#### WORK INSTRUCTION
Please restate word for word, and with nothing added, the lines that run from the one holding "Afbeelding van Clarks" to the end of the entries below.

(Short text fragments from websites)
────────────────
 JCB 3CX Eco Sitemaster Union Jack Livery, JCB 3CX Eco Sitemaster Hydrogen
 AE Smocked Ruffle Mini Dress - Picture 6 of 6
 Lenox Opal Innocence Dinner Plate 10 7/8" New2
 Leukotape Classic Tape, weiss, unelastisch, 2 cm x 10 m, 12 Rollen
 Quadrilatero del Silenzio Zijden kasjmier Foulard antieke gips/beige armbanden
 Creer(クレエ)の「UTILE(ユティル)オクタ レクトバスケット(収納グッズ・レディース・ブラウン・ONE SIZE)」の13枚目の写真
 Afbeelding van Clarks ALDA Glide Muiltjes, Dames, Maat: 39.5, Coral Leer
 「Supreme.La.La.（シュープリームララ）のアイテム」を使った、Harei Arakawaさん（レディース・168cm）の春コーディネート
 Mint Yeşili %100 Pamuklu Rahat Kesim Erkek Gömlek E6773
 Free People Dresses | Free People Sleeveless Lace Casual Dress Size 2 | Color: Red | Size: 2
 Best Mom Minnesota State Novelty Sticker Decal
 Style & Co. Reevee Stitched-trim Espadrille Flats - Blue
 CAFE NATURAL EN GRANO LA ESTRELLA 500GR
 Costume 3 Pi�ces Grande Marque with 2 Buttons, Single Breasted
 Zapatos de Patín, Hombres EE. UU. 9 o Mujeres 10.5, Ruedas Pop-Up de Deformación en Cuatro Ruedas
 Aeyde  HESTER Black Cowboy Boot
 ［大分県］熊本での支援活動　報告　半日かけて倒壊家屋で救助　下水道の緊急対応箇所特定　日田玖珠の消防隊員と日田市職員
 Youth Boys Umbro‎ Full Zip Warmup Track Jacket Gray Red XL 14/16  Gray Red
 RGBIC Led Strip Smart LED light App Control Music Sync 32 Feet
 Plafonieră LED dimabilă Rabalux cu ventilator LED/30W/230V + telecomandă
────────────────
#### ANSWER BOX
 Afbeelding van Clarks ALDA Glide Muiltjes, Dames, Maat: 39.5, Coral Leer
 「Supreme.La.La.（シュープリームララ）のアイテム」を使った、Harei Arakawaさん（レディース・168cm）の春コーディネート
 Mint Yeşili %100 Pamuklu Rahat Kesim Erkek Gömlek E6773
 Free People Dresses | Free People Sleeveless Lace Casual Dress Size 2 | Color: Red | Size: 2
 Best Mom Minnesota State Novelty Sticker Decal
 Style & Co. Reevee Stitched-trim Espadrille Flats - Blue
 CAFE NATURAL EN GRANO LA ESTRELLA 500GR
 Costume 3 Pi�ces Grande Marque with 2 Buttons, Single Breasted
 Zapatos de Patín, Hombres EE. UU. 9 o Mujeres 10.5, Ruedas Pop-Up de Deformación en Cuatro Ruedas
 Aeyde  HESTER Black Cowboy Boot
 ［大分県］熊本での支援活動　報告　半日かけて倒壊家屋で救助　下水道の緊急対応箇所特定　日田玖珠の消防隊員と日田市職員
 Youth Boys Umbro‎ Full Zip Warmup Track Jacket Gray Red XL 14/16  Gray Red
 RGBIC Led Strip Smart LED light App Control Music Sync 32 Feet
 Plafonieră LED dimabilă Rabalux cu ventilator LED/30W/230V + telecomandă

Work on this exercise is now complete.